Zu all dem gehört auch der weitere Ausbau der Erneuerbaren Energien. Allerdings muss dabei stärker als bisher auf die Gesamteffizienz des Systems geachtet werden, indem die Förderung der Erneuerbaren stärker am Strommarkt ausgerichtet und auch der Einfluss auf die Netzkosten berücksichtigt wird. Nur wenn Versorgungssicherheit, Kosten und Klimaschutz in einem ausgewogenen Verhältnis stehen, ist die Transformation wirtschaftlich umsetzbar, dauerhaft tragfähig und gesell-schaftlich akzeptabel.

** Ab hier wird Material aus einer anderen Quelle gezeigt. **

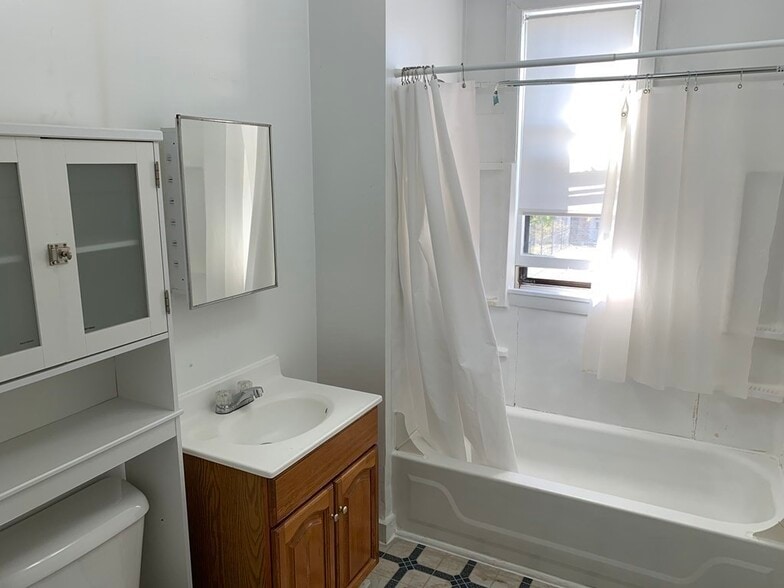 More Photos Of 252-254 Magnolia St, Dorchester Apartments For Sale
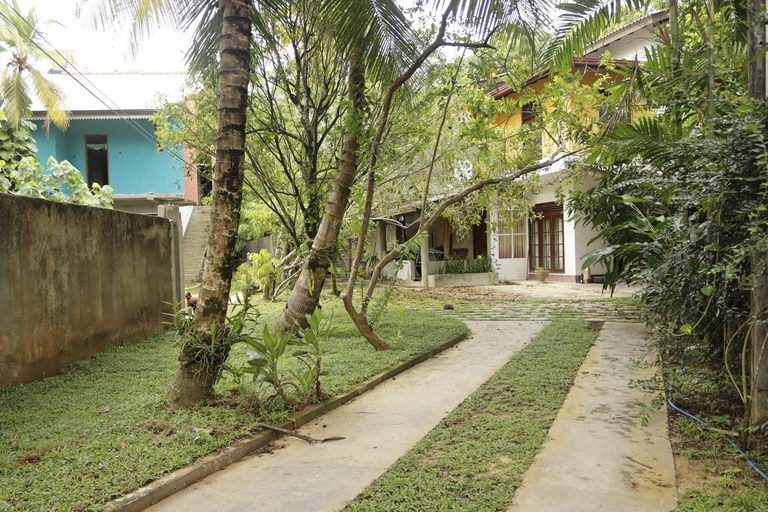 Others 5, Villa Pilseli, Habaraduwa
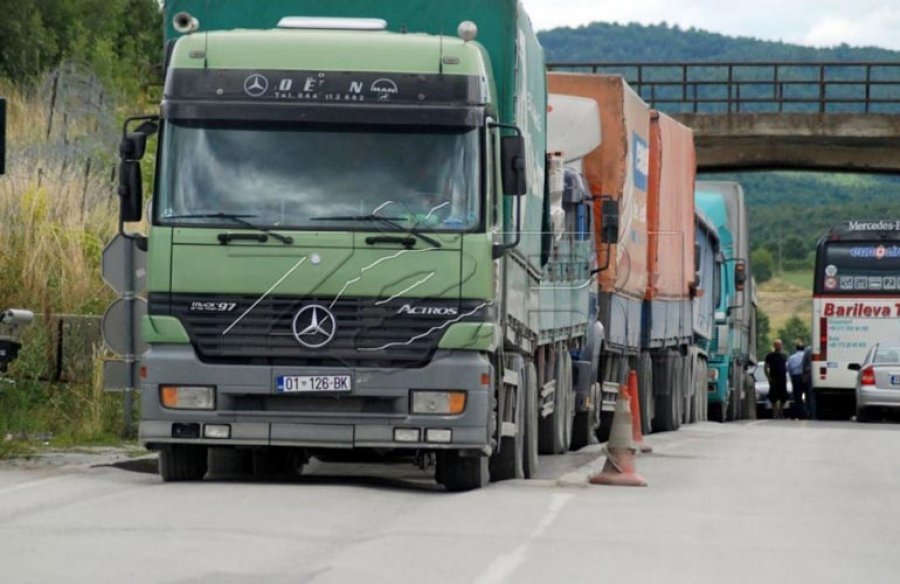 Kamionët mbi 20 tonë do të qarkullojnë pa kufizime nesër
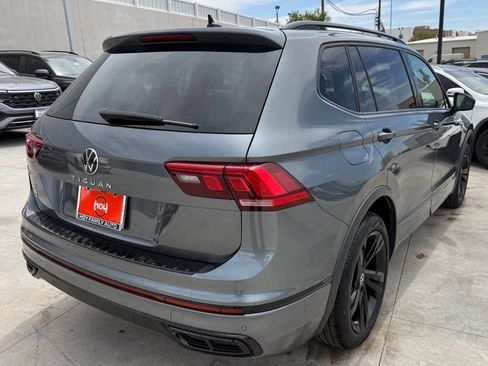Used 2024 Volkswagen Tiguan SE R-Line FWD image 9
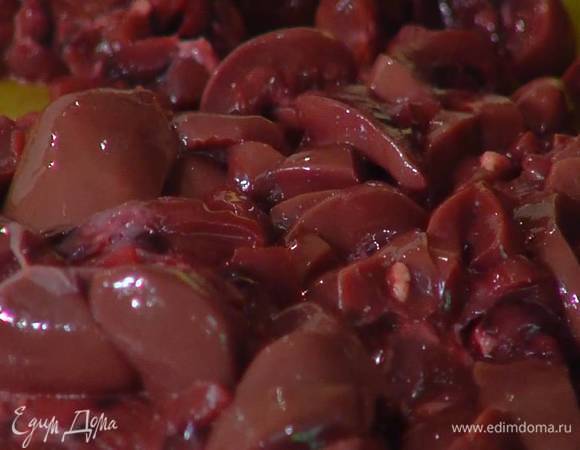 Почки промыть, освободить от пленок, залить молоком и оставить на 6 часов, затем вынуть из молока, просушить бумажным полотенцем и нарезать тонкими ломтиками.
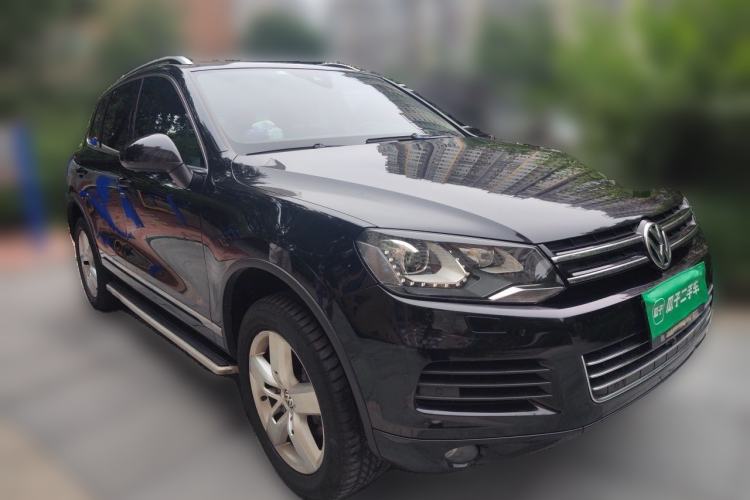 Used Volkswagen Touareg 2011 3.0 TSI Luxury Edition Front Right 45 Deg
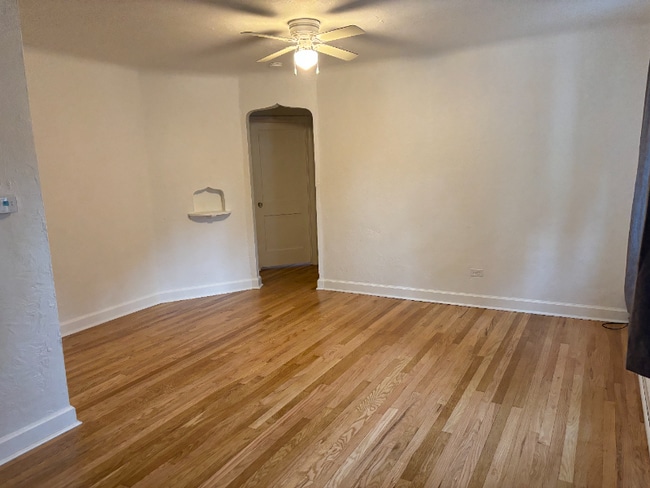 Building Photo - 4479 S Pearl St
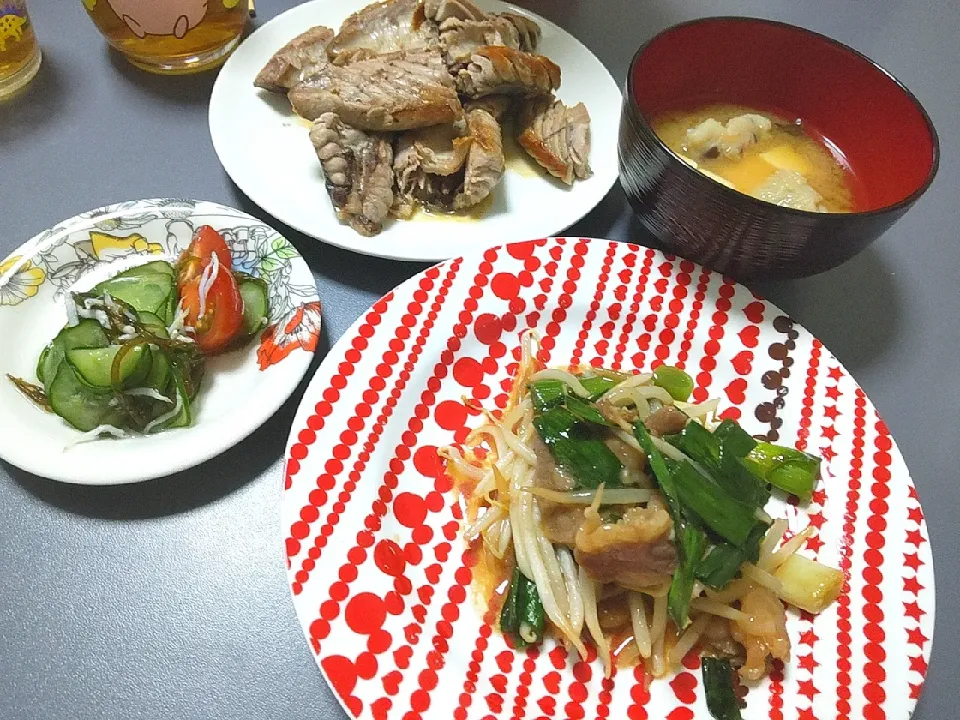 ハランボの塩焼き
カルビと葉ニンニクの炒め物
トマトときゅうりのもずく酢
すり身と豆腐の味噌汁|尚さん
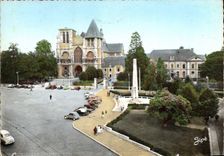 CPSM Le Mans Sarthe Eglise Notre Dame de la Couture prefecture et Monument de la Liberation 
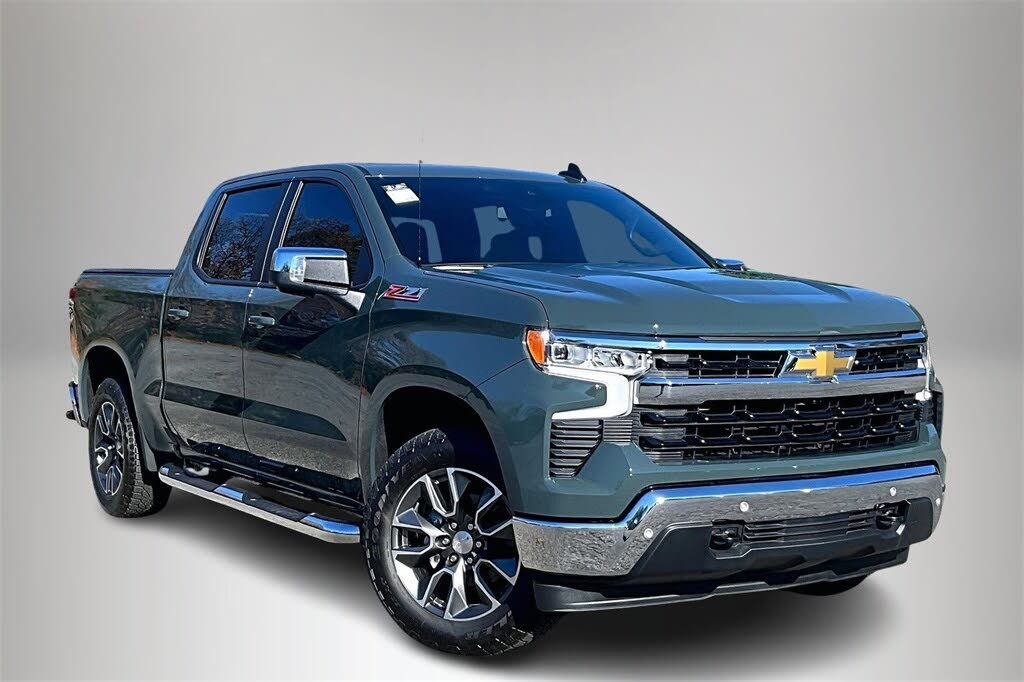 2025 Chevrolet Silverado 1500 LT Crew Cab 4WD
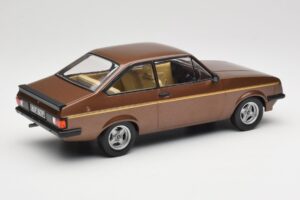 Ford Escort Mk2 RS 2000 Brown Metallic MCG 1:18 MCG18530 Metall — bild 2 av 6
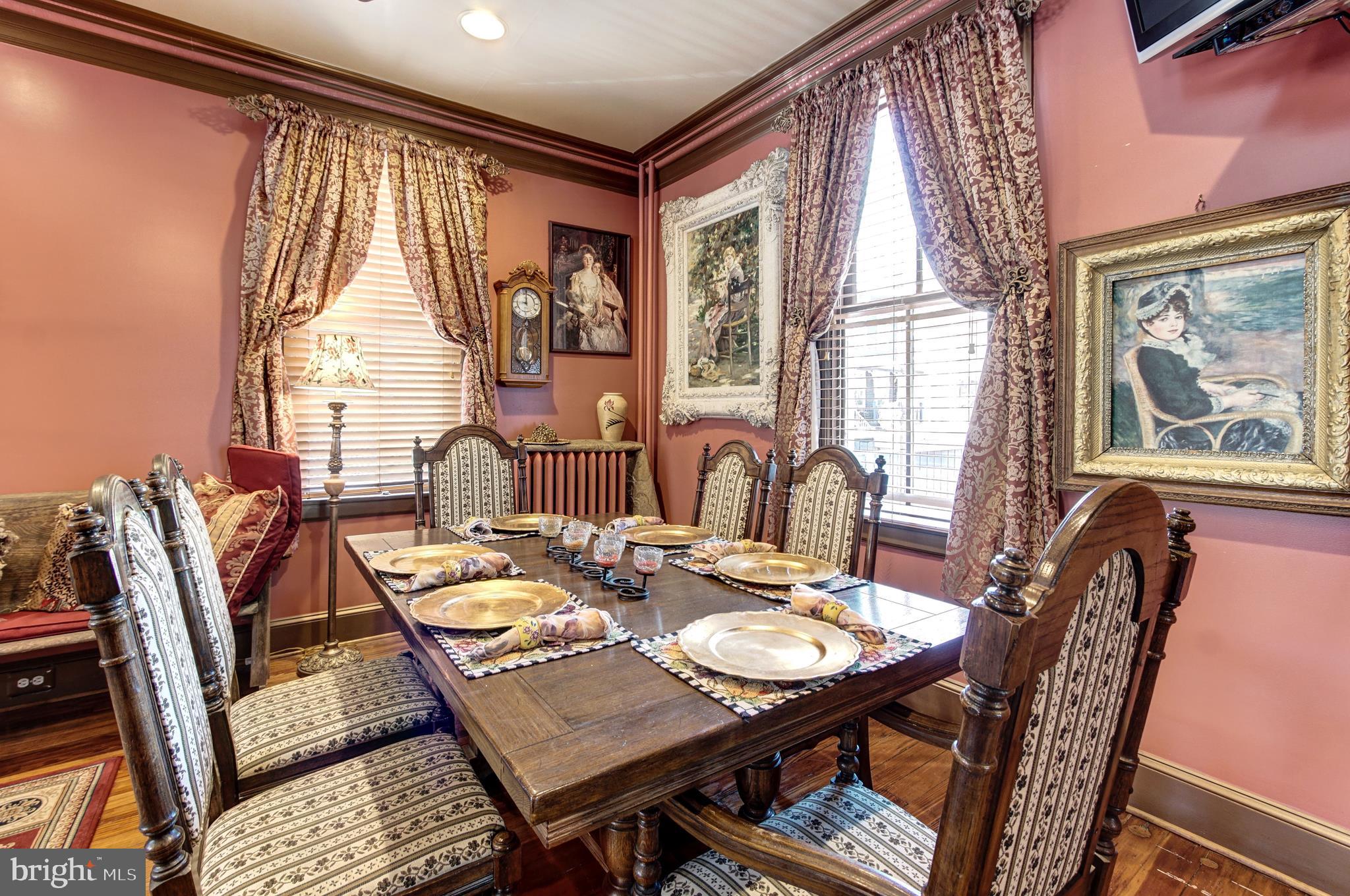 HISTORIC DISTRICT - Commercial Sale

Priorisierung als Gebot der Stunde
Die Grundstoffindustrien und ihre Produkte sind aus unserem Alltag nicht mehr wegzudenken. Sie leisten einen essenziellen Beitrag zur Sicherung von Wohlstand und Beschäftigung. Besonders die Papierindustrie spielt eine aktive Rolle im Transformationsprozess – auch in übergeordneten Bereichen wie der Energiewende. Dort kann durch ihre energiesystemische Struktur eine bedeutende Funktion innerhalb der Stromnetze übernehmen und zur Stabilität des Energiesystems beitragen.
Jetzt ist die Politik gefordert, durch verlässliche und zukunftsorientierte Rahmenbedingungen die nötige Planungssicherheit zu schaffen. In den kommenden Monaten wird es daher entscheidend sein, dass die neue Koalition gezielt Maßnahmen identifiziert und priorisiert, die mit minimalem bürokratischem Aufwand eine maximale Entlastungswirkung entfalten. Dazu gehören unter anderem die Abschaffung der Gasspeicherumlage oder die Entfristung der Strompreisreduzierung.
Hans-Christoph Gallenkamp ist CEO des Spezialpapierherstellers Felix Schoeller und Präsident des Verbandes Die Papierindustrie.